**Work order:** Would you return every entry below exactly as written, without its images?

**Data:**
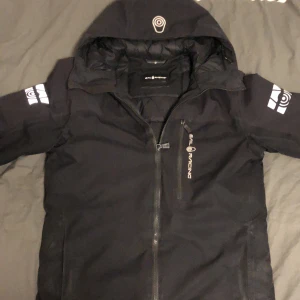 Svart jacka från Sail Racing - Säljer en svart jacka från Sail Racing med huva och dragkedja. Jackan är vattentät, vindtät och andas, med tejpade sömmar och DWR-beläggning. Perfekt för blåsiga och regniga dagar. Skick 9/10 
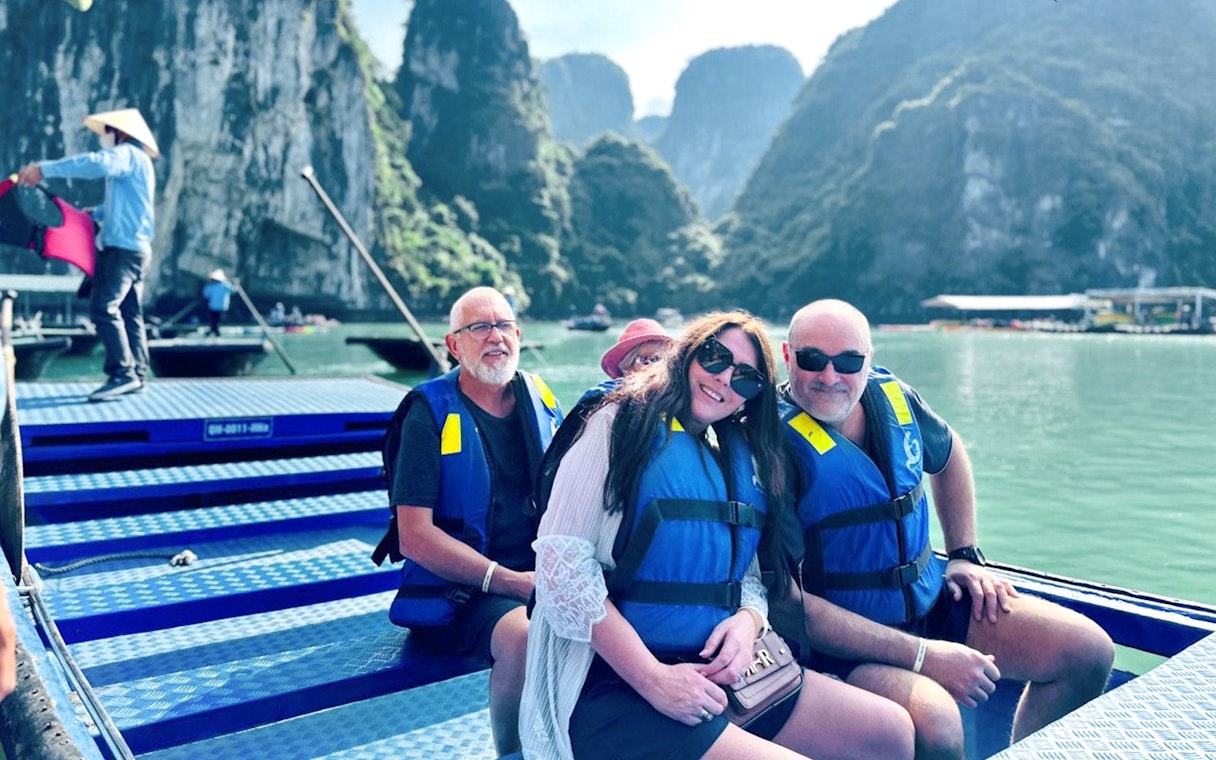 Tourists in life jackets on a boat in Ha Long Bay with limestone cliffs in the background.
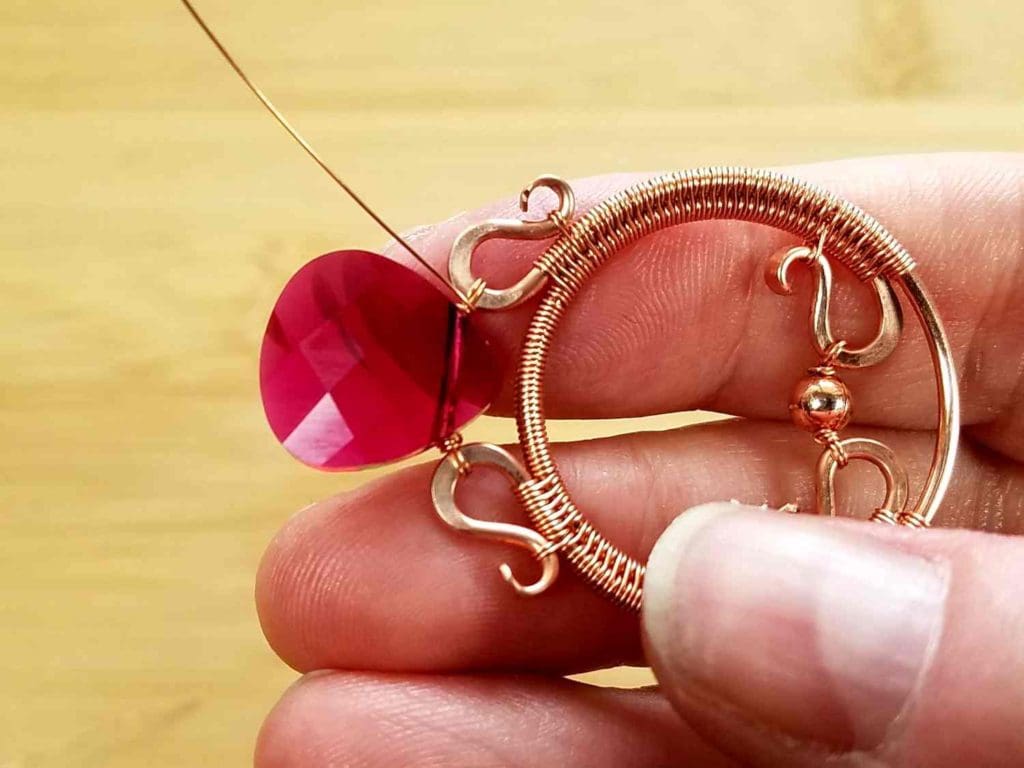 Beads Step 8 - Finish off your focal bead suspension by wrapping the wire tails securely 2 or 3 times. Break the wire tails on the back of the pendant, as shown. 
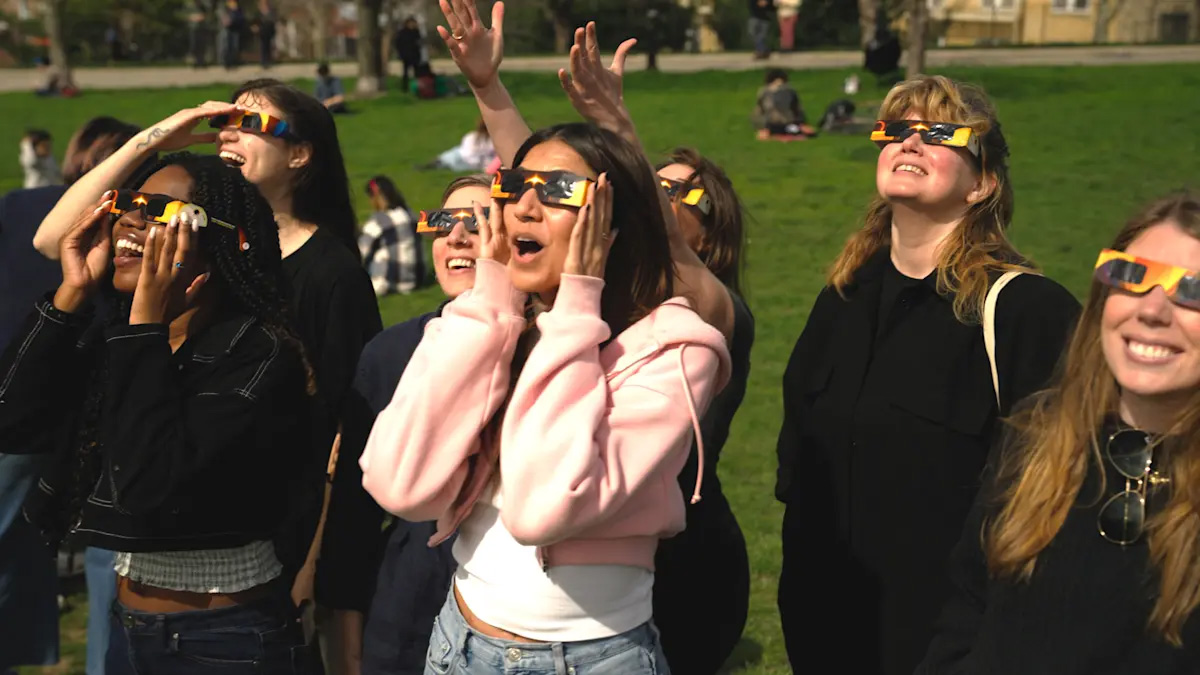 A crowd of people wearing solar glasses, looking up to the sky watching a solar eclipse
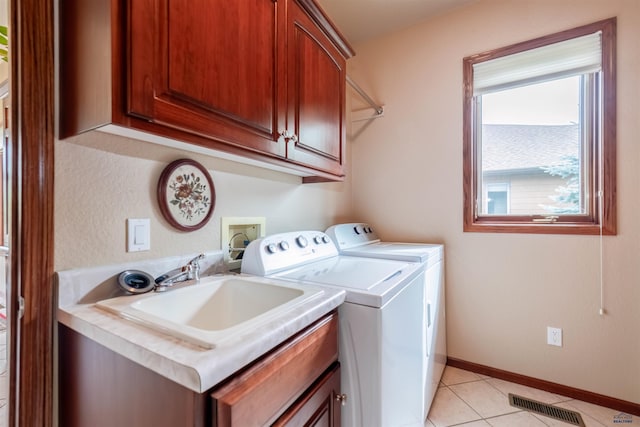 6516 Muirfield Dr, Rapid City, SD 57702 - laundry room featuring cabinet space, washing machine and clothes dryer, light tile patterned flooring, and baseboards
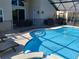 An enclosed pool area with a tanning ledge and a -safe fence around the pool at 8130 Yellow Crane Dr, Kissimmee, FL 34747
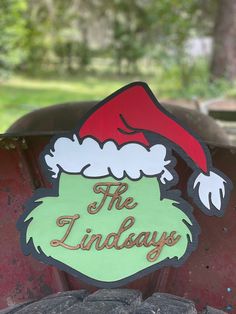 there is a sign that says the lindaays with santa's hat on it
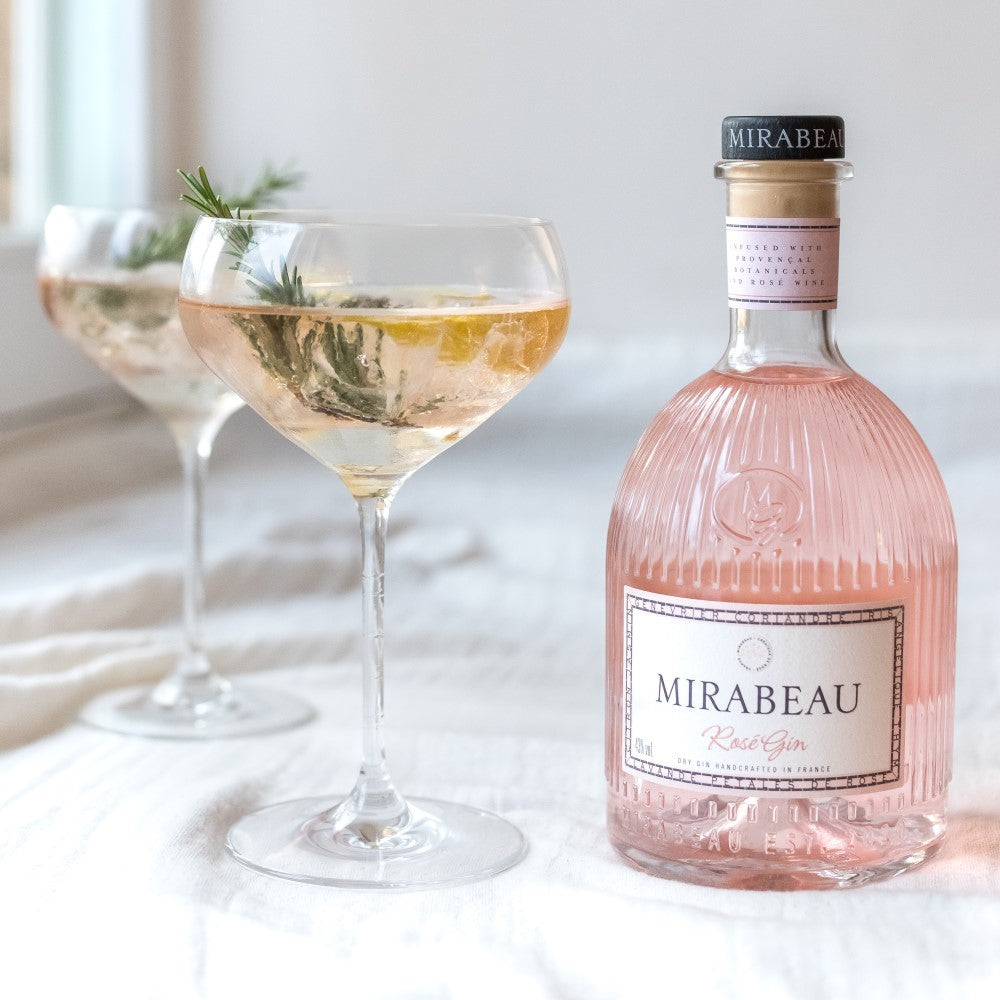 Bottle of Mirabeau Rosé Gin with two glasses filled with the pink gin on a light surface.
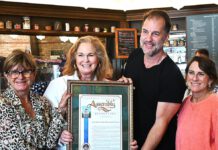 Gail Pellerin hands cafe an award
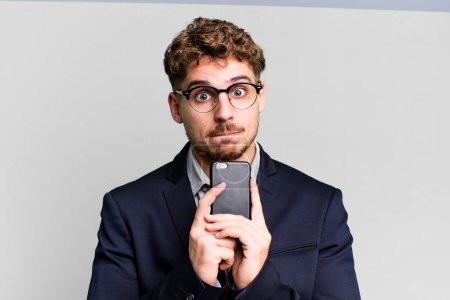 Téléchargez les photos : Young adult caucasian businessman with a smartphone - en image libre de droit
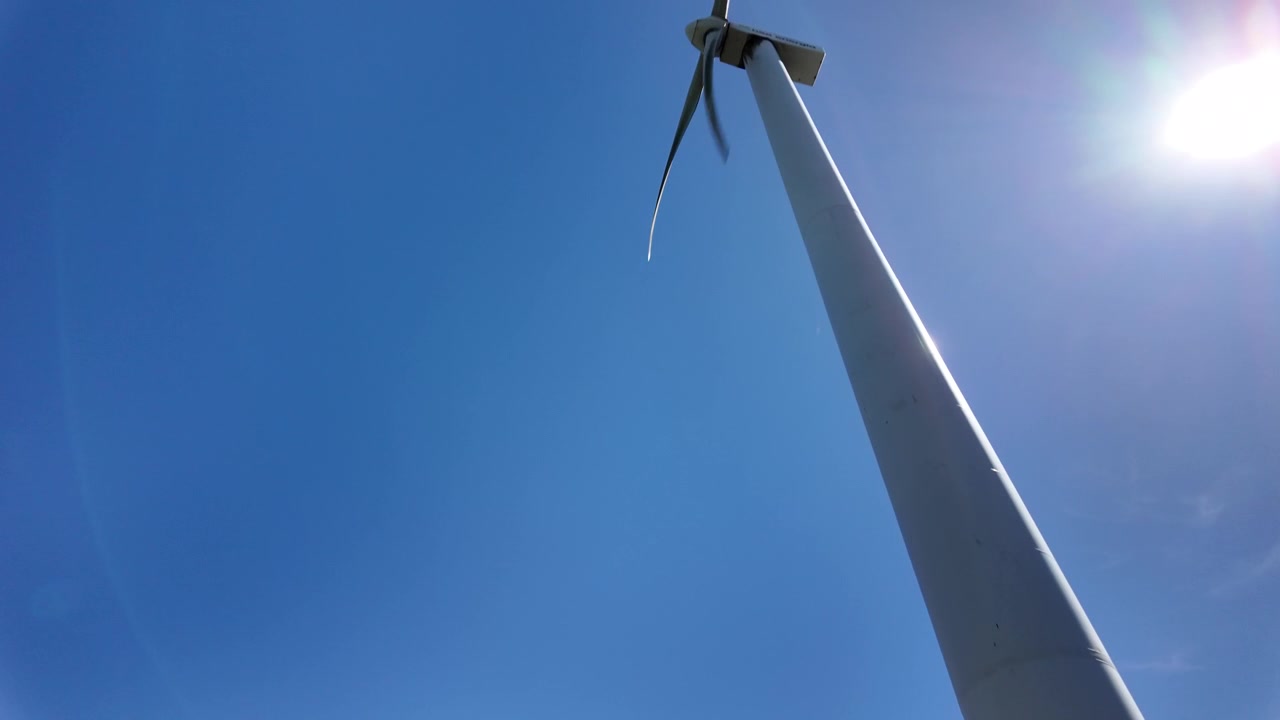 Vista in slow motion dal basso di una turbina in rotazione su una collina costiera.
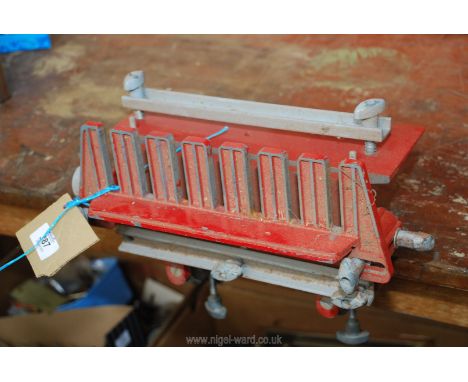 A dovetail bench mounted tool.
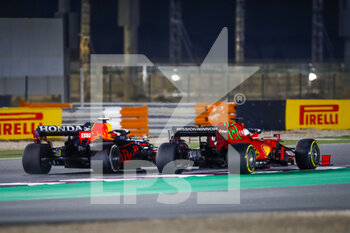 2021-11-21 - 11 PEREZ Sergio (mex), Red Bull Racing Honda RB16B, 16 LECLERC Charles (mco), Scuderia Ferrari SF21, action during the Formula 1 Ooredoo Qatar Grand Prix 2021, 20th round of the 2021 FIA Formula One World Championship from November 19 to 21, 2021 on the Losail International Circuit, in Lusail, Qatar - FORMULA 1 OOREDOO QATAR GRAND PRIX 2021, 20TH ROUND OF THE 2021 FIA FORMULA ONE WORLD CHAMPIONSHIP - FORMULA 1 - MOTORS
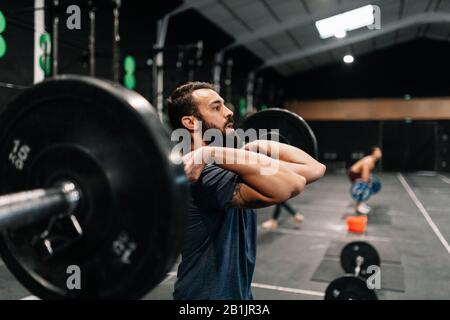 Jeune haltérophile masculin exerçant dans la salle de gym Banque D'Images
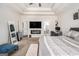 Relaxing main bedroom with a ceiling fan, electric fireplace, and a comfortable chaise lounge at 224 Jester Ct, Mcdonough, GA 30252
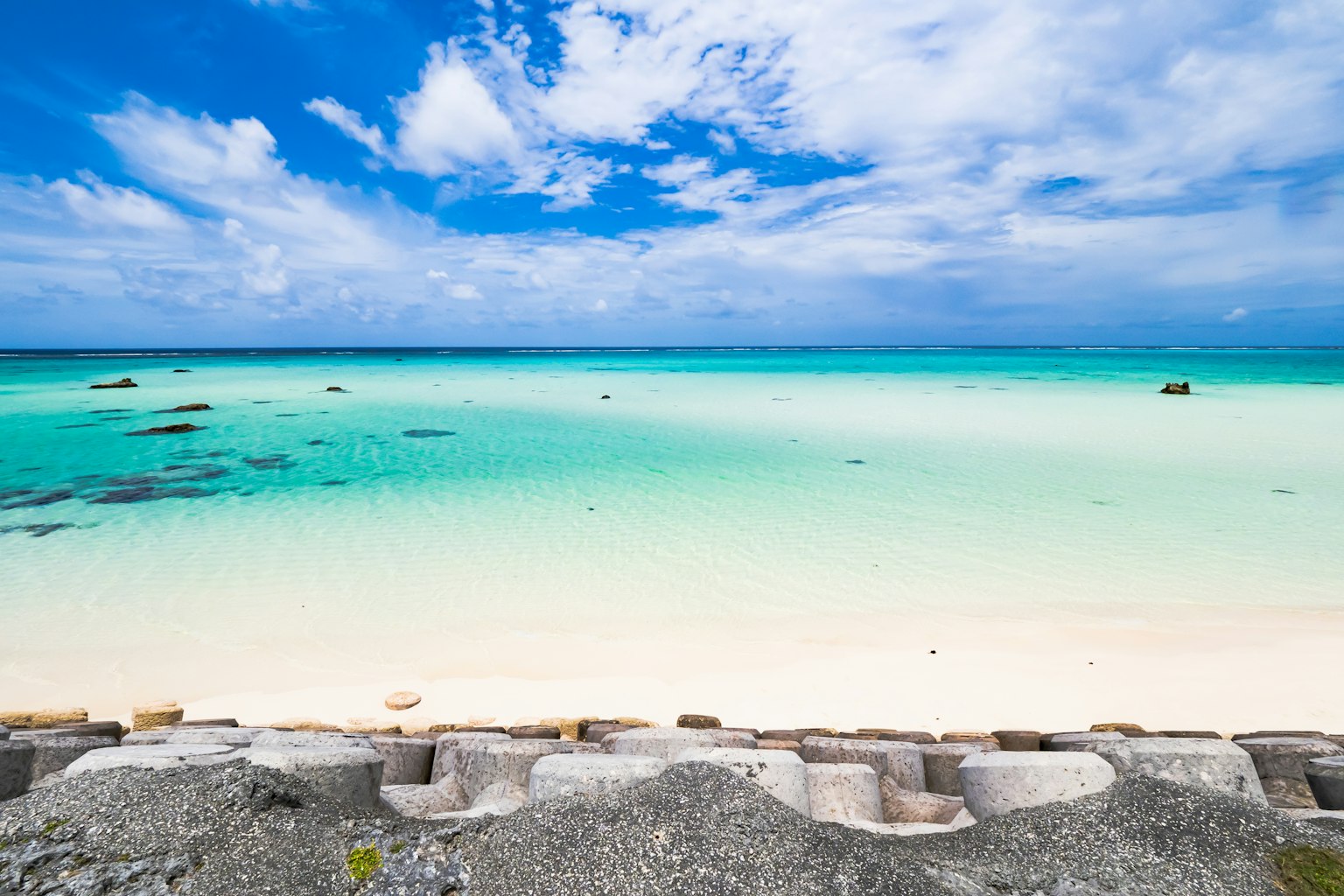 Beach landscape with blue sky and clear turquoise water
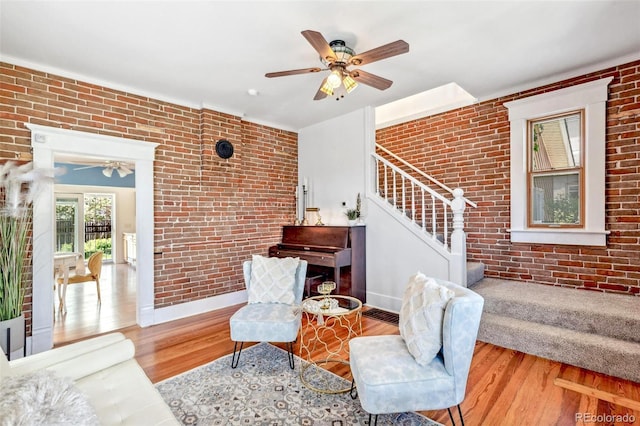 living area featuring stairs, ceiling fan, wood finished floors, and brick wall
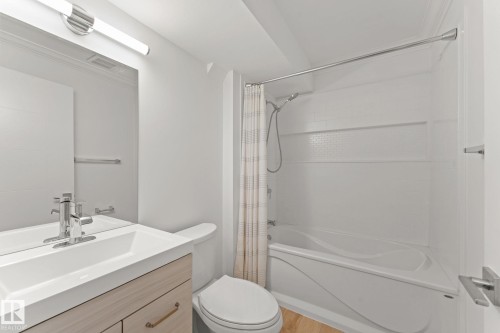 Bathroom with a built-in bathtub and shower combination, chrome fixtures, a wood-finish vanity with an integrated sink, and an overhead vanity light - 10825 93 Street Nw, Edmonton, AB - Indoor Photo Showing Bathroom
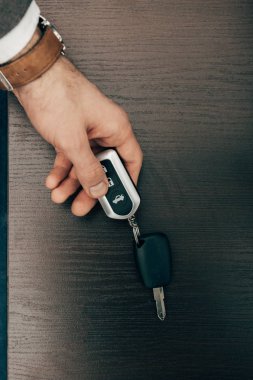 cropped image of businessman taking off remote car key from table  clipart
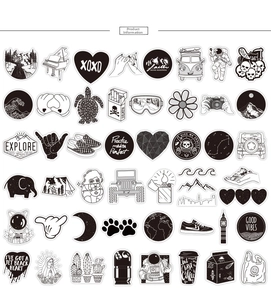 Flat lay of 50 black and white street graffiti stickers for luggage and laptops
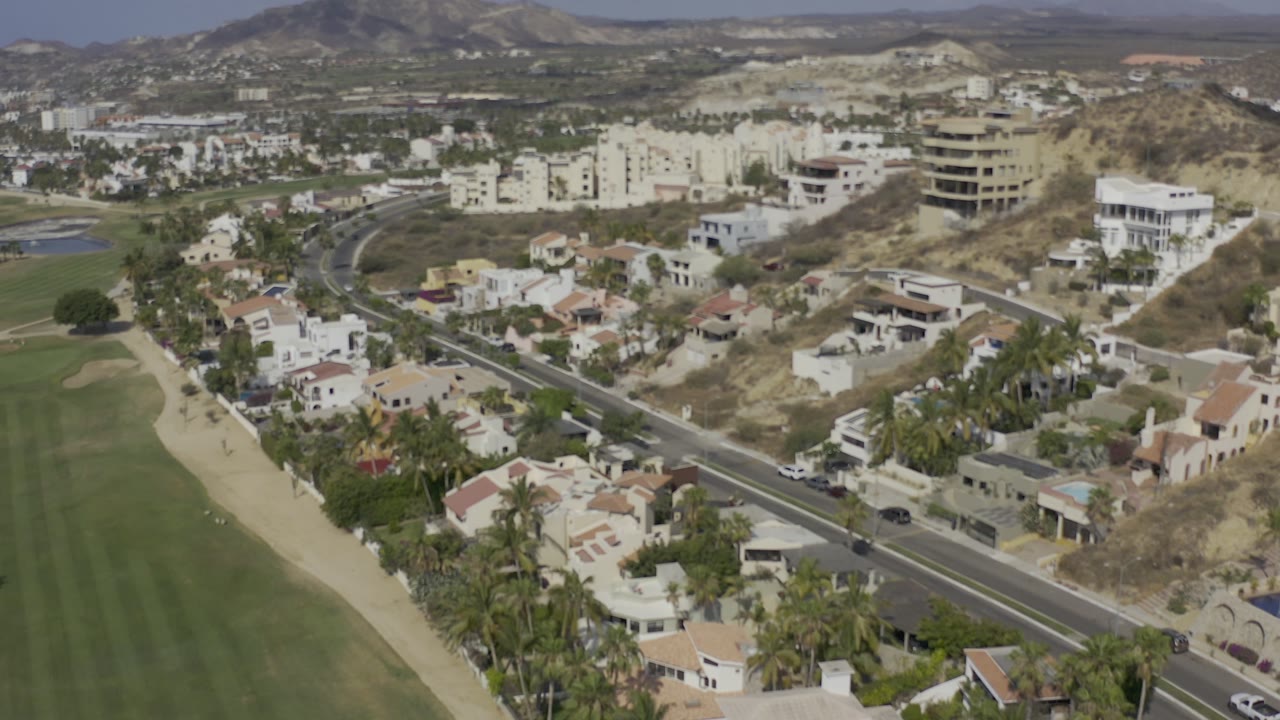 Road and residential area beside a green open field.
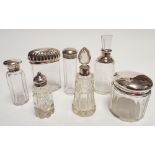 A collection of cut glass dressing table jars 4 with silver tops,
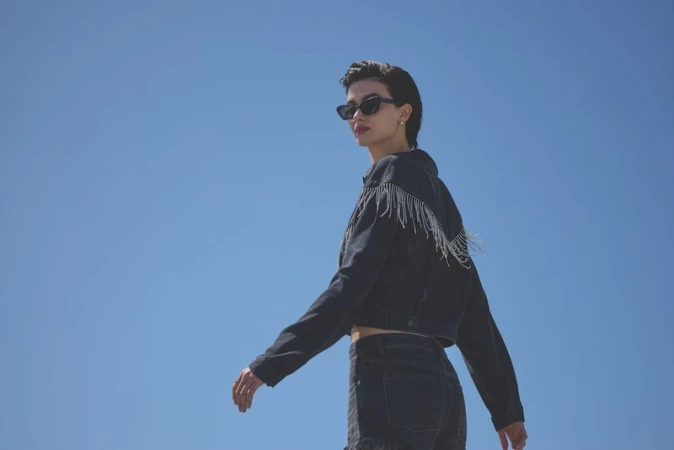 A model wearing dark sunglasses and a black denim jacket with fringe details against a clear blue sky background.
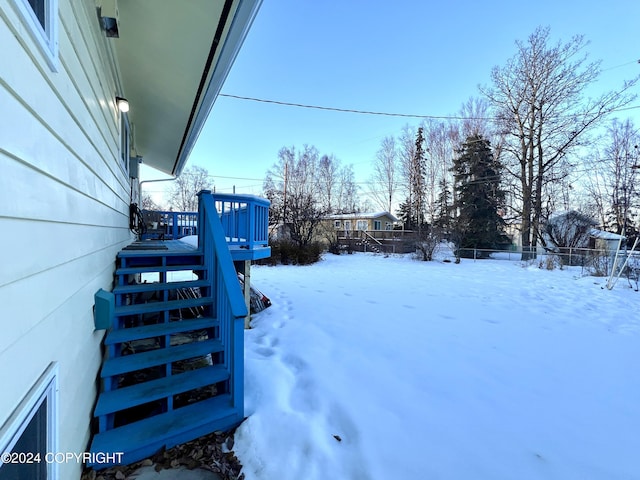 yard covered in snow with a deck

**Result:**
 Svart jacka från Sail Racing - Säljer en svart jacka från Sail Racing med huva och dragkedja. Jackan är vattentät, vindtät och andas, med tejpade sömmar och DWR-beläggning. Perfekt för blåsiga och regniga dagar. Skick 9/10 
 Tourists in life jackets on a boat in Ha Long Bay with limestone cliffs in the background.
 Beads Step 8 - Finish off your focal bead suspension by wrapping the wire tails securely 2 or 3 times. Break the wire tails on the back of the pendant, as shown. 
 A crowd of people wearing solar glasses, looking up to the sky watching a solar eclipse
 6516 Muirfield Dr, Rapid City, SD 57702 - laundry room featuring cabinet space, washing machine and clothes dryer, light tile patterned flooring, and baseboards
 An enclosed pool area with a tanning ledge and a -safe fence around the pool at 8130 Yellow Crane Dr, Kissimmee, FL 34747
 there is a sign that says the lindaays with santa's hat on it
 Bottle of Mirabeau Rosé Gin with two glasses filled with the pink gin on a light surface.
 Gail Pellerin hands cafe an award
 Téléchargez les photos : Young adult caucasian businessman with a smartphone - en image libre de droit
 Vista in slow motion dal basso di una turbina in rotazione su una collina costiera.
 A dovetail bench mounted tool.
 2021-11-21 - 11 PEREZ Sergio (mex), Red Bull Racing Honda RB16B, 16 LECLERC Charles (mco), Scuderia Ferrari SF21, action during the Formula 1 Ooredoo Qatar Grand Prix 2021, 20th round of the 2021 FIA Formula One World Championship from November 19 to 21, 2021 on the Losail International Circuit, in Lusail, Qatar - FORMULA 1 OOREDOO QATAR GRAND PRIX 2021, 20TH ROUND OF THE 2021 FIA FORMULA ONE WORLD CHAMPIONSHIP - FORMULA 1 - MOTORS
 Jeune haltérophile masculin exerçant dans la salle de gym Banque D'Images
 Relaxing main bedroom with a ceiling fan, electric fireplace, and a comfortable chaise lounge at 224 Jester Ct, Mcdonough, GA 30252
 Beach landscape with blue sky and clear turquoise water
 living area featuring stairs, ceiling fan, wood finished floors, and brick wall
 Bathroom with a built-in bathtub and shower combination, chrome fixtures, a wood-finish vanity with an integrated sink, and an overhead vanity light - 10825 93 Street Nw, Edmonton, AB - Indoor Photo Showing Bathroom
 cropped image of businessman taking off remote car key from table  clipart
 Flat lay of 50 black and white street graffiti stickers for luggage and laptops
 Road and residential area beside a green open field.
 A collection of cut glass dressing table jars 4 with silver tops,
 A model wearing dark sunglasses and a black denim jacket with fringe details against a clear blue sky background.
 yard covered in snow with a deck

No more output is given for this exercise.